Does Dr. Toole have a preference for mono setups when he wants to assess speakers by inquiring individuals about their perceptions?
If yes, why mono instead of stereo?
That's off-topic so I will answer quickly and if there is interest, it should go into its own thread.
At the start, Harman didn't believe in mono testing. So they set up a room that hydraulically switched full surround system speakers. Here is a picture of it:
Through testing, they realized that listeners were less critical to artifacts when presented in stereo vs mono. Indeed moving up to full surround made them even less picky.

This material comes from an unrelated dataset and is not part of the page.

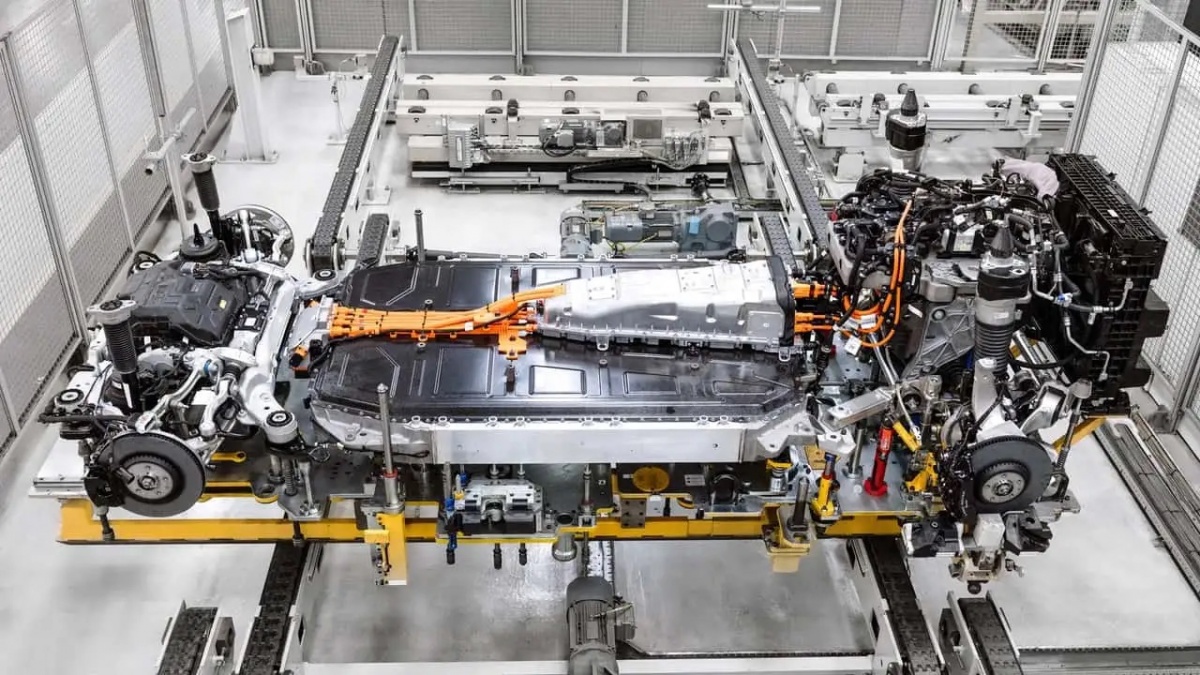 undefined Range Rover bản điện ra mắt: Trông như xe xăng, mạnh 542hp, chạy 600km/sạc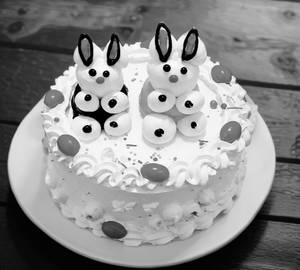 Cute Teddy Butterscotch Cake Eggless 500 G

They conducted full testing on them and published the results in the AES paper,
Comparison of Loudspeaker-Room Equalization Preferences for Multichannel, Stereo, and Mono Reproductions: Are Listeners More Discriminating in Mono?
The answer turned out to be "yes" to that question.
In controlled listening tests of Room EQ systems, here were the scores as they went from mono to stereo and then surround:
I have circled the NO EQ as an example. Notice that listeners gave very low scores in mono listening (blue). In exact same test, when the number of channels was increased to full surround, they almost became deaf to those artifacts!
Explanation is simple: the feeling of envelopment we get from stereo to full surround is so positive that we forget and forgive what can be wrong in the presentation.
Same thing exists in video by the way. Professional monitors have a button on them to turn off color so that we can see the artifacts in luminance channel (black and white). While those artifacts are there all the time, color makes the picture "too pretty" and harder to fault.
So while Harman still has the ability to perform multi-channel AB testing, they are focused on mono testing due to how conclusive this research has been.
BTW, the authors of the above paper were two of my colleagues, Allan Devantier and Sean Olive and Sean Hess. Not Dr. Toole.
The top worry about any speaker (or room) is the tonality. Mono is revealing of that just the same. After all, there is nothing the other speakers can do to change the timbre of another speaker in the room.
I have taken the "mono" test a couple of times and I can attest to it personally on how revealing it is of differences in speakers. Here is a picture of one of the times I took the test:
You can see the moving platform underneath each speaker. Of course there is a curtain there normally so you can't see which speaker is which. It is the best reality show in town when the curtains open.